Traditional Version of the Lord’s Prayer (King James Version)
Our
Father which art in heaven,
Hallowed
be thy name.
Thy
kingdom come, Thy will be done in earth, as it is in heaven.
Give
us this day our daily bread.
And
forgive us our debts, as we forgive our debtors.
And lead us not into temptation,
but deliver us from evil
Franklin’s New Version of the Lord's Prayer
Heavenly
Father,
May
all revere thee,
And become thy dutiful Children and faithful Subjects.
May thy Laws be obeyed on Earth as perfectly as they are in Heaven.
Provide for us this day as thou hast hitherto daily done.
Forgive us our trespasses, and enable us likewise to forgive those that offend us.
Forgive us our trespasses, and enable us likewise to forgive those that offend us.
Keep
us out of Temptation, and deliver us from Evil.
Franklin Portrait by Joseph-Siffred Duplessis, c. 1785 |
January 1, 1768
Reasons for the Change
of Expression
Old Version: Our Father which art in Heaven
New Version: Heavenly Father, is more concise, equally
expressive, and better modern English.
Old Version: Hallowed be thy Name. This
seems to relate to an Observance among the Jews not to pronounce the proper or
peculiar Name of God, they deeming it a Profanation so to do. We have in our
Language no proper Name for
God; the Word God being a common or general Name,
expressing all chief Objects of Worship, true or false. The Word hallowed is almost obsolete: People now
have but an imperfect Conception of the Meaning of the Petition. It is
therefore proposed to change the Expression into New. May all revere thee.
Old Version: Thy Kingdom come. This Petition seems suited to the
then Condition of the Jewish Nation. Originally their State was a Theocracy:
God was their King. Dissatisfied with that kind of Government, they desired a
visible earthly King in the manner of the Nations round them. They had such
King's accordingly; but their Happiness was not increas'd by the Change, and
they had reason to wish and pray for a Return of the Theocracy, or Government
of God. Christians in these Times have other Ideas when they speak of the
Kingdom of God, such as are perhaps more adequately express'd by New Version: And become thy dutiful Children and
faithful Subjects.
Old Version: Thy Will be done on Earth as it is
in Heaven
More explicitly, New
Version: May thy Laws be
obeyed on Earth as perfectly as they are in Heaven.
Old Version: Give us this Day our daily Bread. Give us what is ours, seems to put
in a Claim of Right, and to contain too little of the grateful Acknowledgment
and Sense of Dependance that becomes Creatures who live on the daily Bounty of
their Creator. Therefore it is changed to New Version: Provide for us this Day, as thou
hast hitherto daily done.
Old Version: Forgive us our Debts as we forgive
our Debtors - Matthew
Forgive us our Sins, for
we also forgive every one that is indebted to us - Luke.

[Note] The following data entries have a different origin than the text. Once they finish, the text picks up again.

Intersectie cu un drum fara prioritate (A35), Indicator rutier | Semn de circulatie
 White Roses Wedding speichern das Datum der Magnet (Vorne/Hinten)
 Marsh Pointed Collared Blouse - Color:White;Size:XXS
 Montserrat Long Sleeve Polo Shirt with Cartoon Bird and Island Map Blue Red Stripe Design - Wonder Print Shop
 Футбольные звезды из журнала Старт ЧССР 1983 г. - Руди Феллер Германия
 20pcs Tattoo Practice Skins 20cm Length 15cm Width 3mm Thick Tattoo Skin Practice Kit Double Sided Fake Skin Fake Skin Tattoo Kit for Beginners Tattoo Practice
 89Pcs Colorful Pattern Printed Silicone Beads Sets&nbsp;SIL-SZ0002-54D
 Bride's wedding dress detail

Offerings were due to God on many Occasions by the Jewish
Law, which when People could not pay, or had forgotten as Debtors are apt to
do, it was proper to pray that those Debts might be forgiven. Our Liturgy uses
neither the ‘Debtors’ of Matthew, nor the ‘indebted’ of
Luke, but instead of them speaks of those
that trespass against us. Perhaps the Considering it as a Christian Duty to
forgive Debtors, was by the Compilers thought an inconvenient Idea in a trading
Nation. There seems however something presumptious in this Mode of Expression,
which has the Air of proposing ourselves as an Example of Goodness fit for God
to imitate. We hope you will
at least be as good as we are; you
see we forgive one another, and therefore we pray that you would forgive us.
Some have considered it in another Sense, Forgive
us as we forgive others; i.e. If we do not forgive others
we pray that thou wouldst not forgive us. But this being a kind of conditional Imprecation against ourselves, seems improper
in such a Prayer; and therefore it may be better to say humbly and modestly
New Version: Forgive us our Trespasses, and
enable us likewise to forgive those that offend us. This instead of assuming that we
have already in and of ourselves the Grace of Forgiveness, acknowledges our
Dependance on God, the Fountain of Mercy, for any Share we may have of it,
praying that he would communicate of it to us.
Old Version: And lead us not into Temptation. The Jews had a Notion, that God
sometimes tempted, or directed or permitted the Tempting of People. Thus it was
said he tempted Pharaoh; directed Satan to tempt Job; and a false Prophet to
tempt Ahab, &c. Under this Persuasion it was natural for them to pray that
he would not put them to such severe Trials. We now suppose that Temptation, so
far as it is supernatural, comes from the Devil only; and this Petition
continued, conveys a Suspicion which in our present Conceptions seems unworthy
of God, Therefore might be altered to New Version: Keep us out of Temptation.